All these were learned both from my full time job at Epignosis, but also from working with B2B SaaS clients and seeing what worked, what not and under which circumstances.

To be continued…

About WeeklyGrowth

WeeklyGrowth is a blog about growth marketing/hacking for B2B SaaS startups that have found product/market fit.

It’s here to help CEOs, Growth Marketers and founders grow their B2B SaaS by proposing tactics to try, mindsets and frameworks in which to operate as a team, pitfalls to avoid and hopefully challenging some industry norms.

There will be both tactical and strategic points of view.

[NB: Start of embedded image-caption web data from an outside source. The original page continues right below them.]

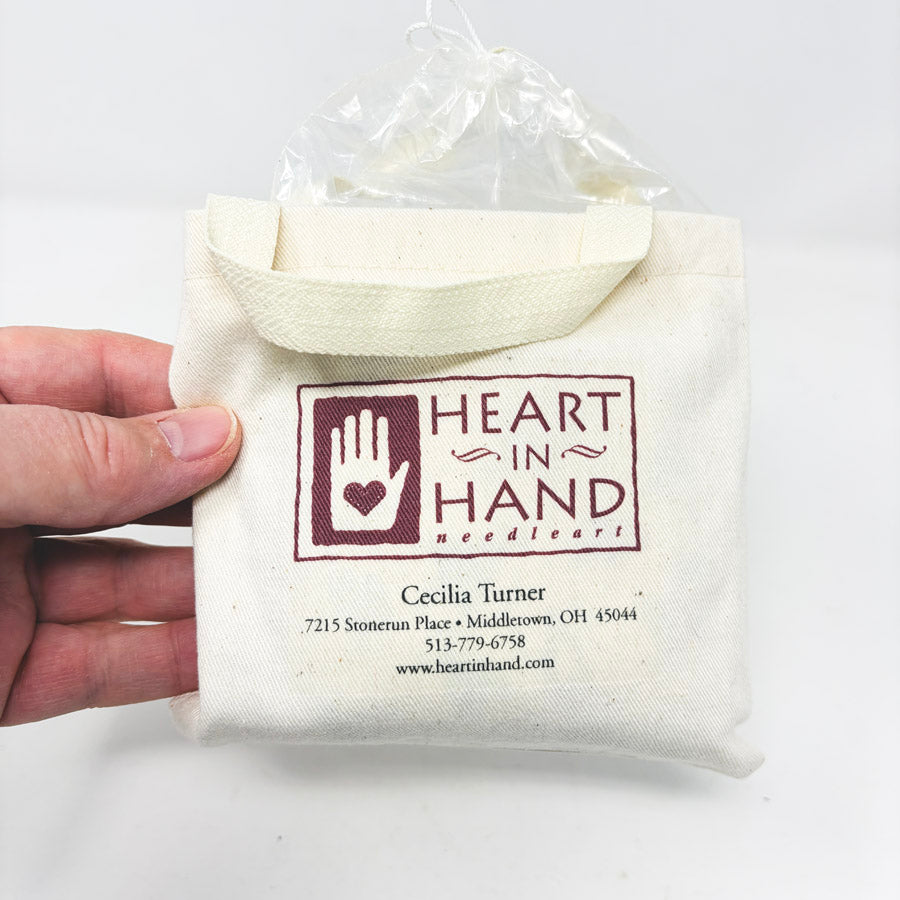 Heart in Hand "Saint Nick" Cross Stitch Pillow Kit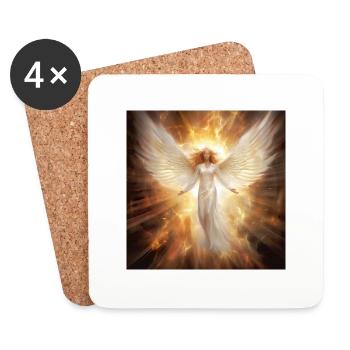 Woman Angel Fantazy - Coasters (set of 4) - white - Front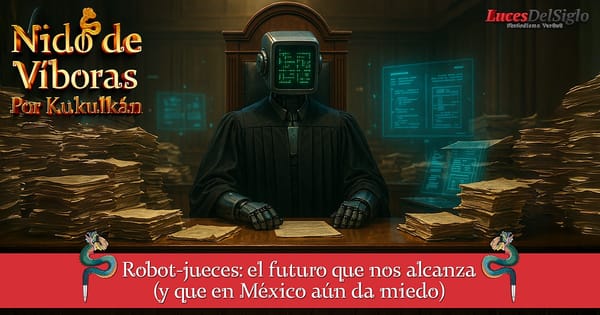 Robot-jueces: el futuro que nos alcanza (y que en México aún da miedo)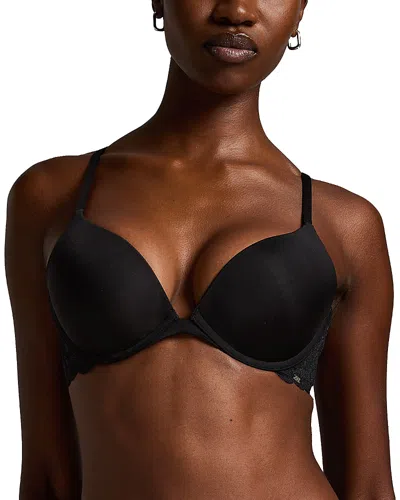 Hunkemoller Angie Padded Underwired Push-up Bra In Black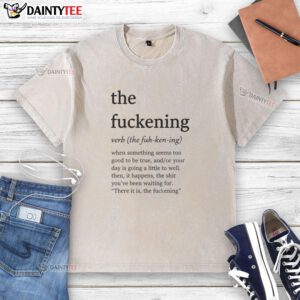 Alt Text: Official The Fuckening Verb Washed T-Shirt featuring a trendy design, perfect for casual wear and unique style.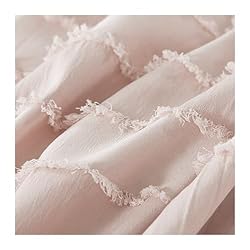 Andency Pink King Size Comforter Set, 3 Pieces Boho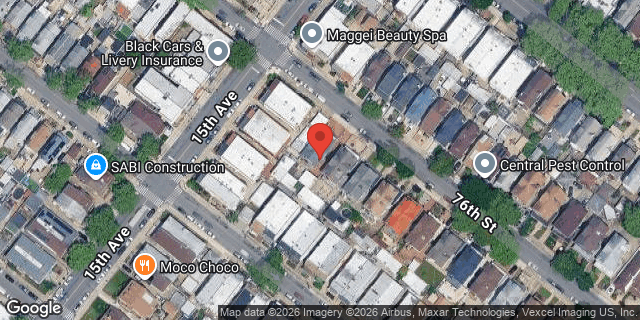 Aerial map of 1514 76 STREET, Brooklyn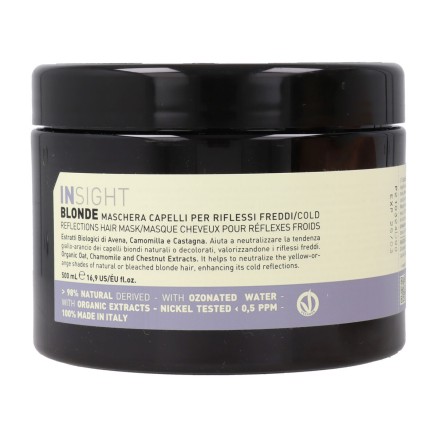Maske für Coloriertes Haar Insight Blonde Cold 500 ml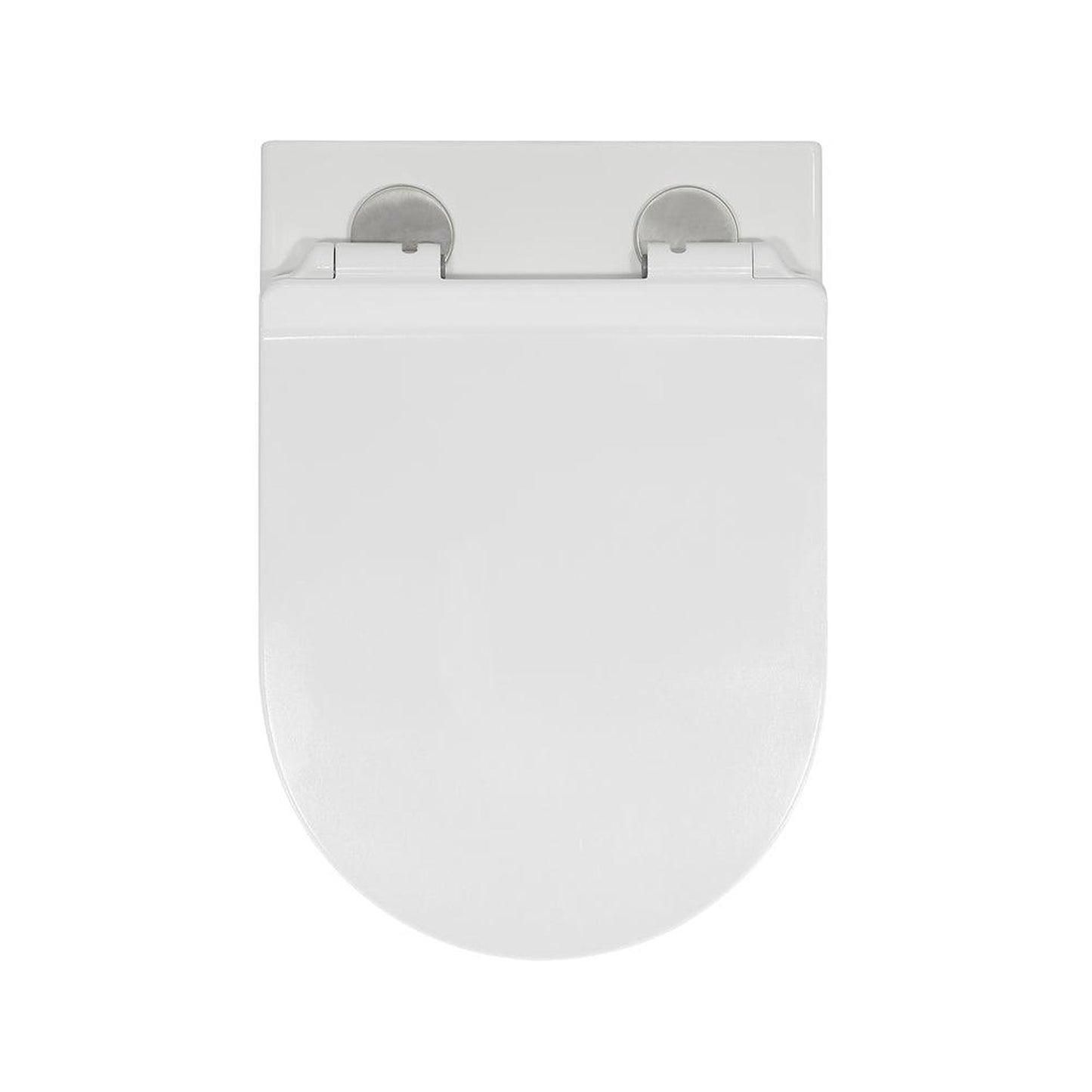 Swiss Madison Calice 14" x 13" Round White Wall-Hung Toilet Bowl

This blog was started by me, Alex Chaidaroglou, because I found there was a lot of bad advice on the “internetz”, especially for young marketers, and I wanted to share my views and take on what really matters for B2B SaaS without a hidden agenda.

Anyway, in this blog I will share what I have learned about B2B SaaS startups with as much objectivity and analysis I can. I hate headline readers (as Gary Vaynerchuk calls them) and sensationalism.

Furthermore, I will be focusing in areas in which I have practiced what I talk about like driving traffic, content marketing, etc. If I want to mention something that I don’t have real world experience on, I will say it upfront and just lay down what I know others are doing.

Whatever you read on the blog, please take it with a grain of salt, because every startup’s circumstances are different and there is no single bullet. I will do my best to cover 99% of the cases though. There will always be at least 1 outlier for every 99 that conform to the norm.

In time, I want to be able to bring guests who have experience in other areas of growth marketing/hacking and startups to share their insights here.

The name (WeeklyGrowth) is based on a concept coined by Paul Graham, where he states that a startup should be doing what’s necessary, even non-scalable growth activities, in order to achieve week-over-week growth of the said startup.

Lastly, I will try various tactics to grow this blog and I will be sharing the results with WeeklyGrowth’s email subscribers.

Thanks for reading WeeklyGrowth and see you in the trenches!